Osterspaziergänge – wie habe ich sie als Kind geliebt. Es riecht nach Frühling. Manchmal liegt noch Schnee an den Rändern des Weges. Ich bin als kleines Mädchen mit der ganzen Familie unterwegs. Alle reden munter miteinander. Nur ich suche mit meinen Augen die ganze Zeit das Gras und das Moos am Wegrand ab. Da glitzert ab und zu ein kleines Osterei in der Frühlingssonne. Mein Herz macht jedes Mal einen Freudensprung.  Den Osterhasen habe ich natürlich nie gesehen. Als ich dann älter werde, vielleicht so mit 7 Jahren fällt mir bei einem Osterspaziergang auf, wie meine Mutter heimlich in ihre Manteltasche greift und mit schneller Bewegung ein Osterei neben den Weg legt. Aha – so ist das also.

Die österliche Spur aus glitzernden Ostereiern zieht nicht der Osterhase, sondern meine Mutter. Ich weiß noch, dass ich darüber gar nicht so enttäuscht war, im Gegenteil: die Osterspur bleibt und glitzert ja weiter. Ganz anders als vorher: sie zeigt mir, dass meine Mutter mich liebt und sich herrlich an meiner Freude erfreut. Ostern bleibt für mich verknüpft mit diesem Gefühl: Überrascht werden und letztlich aus Liebe überrascht werden.

Überraschungen haben oft zwei Seiten. Manche Überraschung löst zuerst einmal Schrecken aus. Das eigentliche Osterereignis ist eine solche Überraschung.

Die Frauen finden ein leeres Grab. Unfassbar: der Leichnam ist verschwunden. Jesus, den sie suchen, ist nicht mehr da. Stattdessen sehen sie eine Lichtgestalt, einen Engel. Sie erschrecken. Dann hören sie, wie er zu ihnen spricht und das Unsichtbare in Worte fasst: "Auferstanden. Er ist auferstanden." 

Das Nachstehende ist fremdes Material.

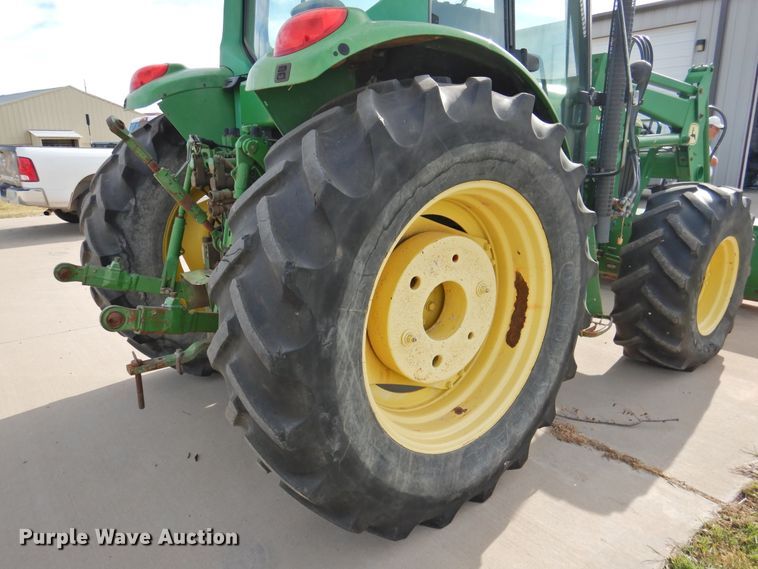 image for item DI0175 2005 John Deere 6420  MFWD tractor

Da wo du nichts findest, nichts siehst, wo alles leer und tot ist, da geschieht Überraschendes: neues Leben.

Und dann erscheint Jesus den Jüngern. Sie erkennen ihn erst nicht, jedenfalls nicht am Äußeren – das Erkennen kommt von innen her. Es braucht ein anderes Sehen für die Auferstehung. Die Bibel spricht ganz unterschiedlich davon. Jesus erscheint trotz verschlossener Türen – er steht plötzlich mitten im Raum. Und genauso schnell verschwindet er wieder. Dennoch ist er kein Gespenst, sondern er lässt sich von Thomas berühren und er isst mit den Jüngern gebratenen Fisch. Viele Berichte in der Bibel widersprechen einander, niemand hat sich darum bemüht, sie im Nachhinein zu vereinheitlichen, zu glätten. Ich finde das gerade gut, denn damit ist mir jeder Versuch unmöglich, es zu fassen, zu erfassen und in Griff zu kriegen. Es bleibt eine Überraschung, die mich selbst erfasst. Das kann sich keiner ausdenken. Dafür ist die Wirkung zu stark.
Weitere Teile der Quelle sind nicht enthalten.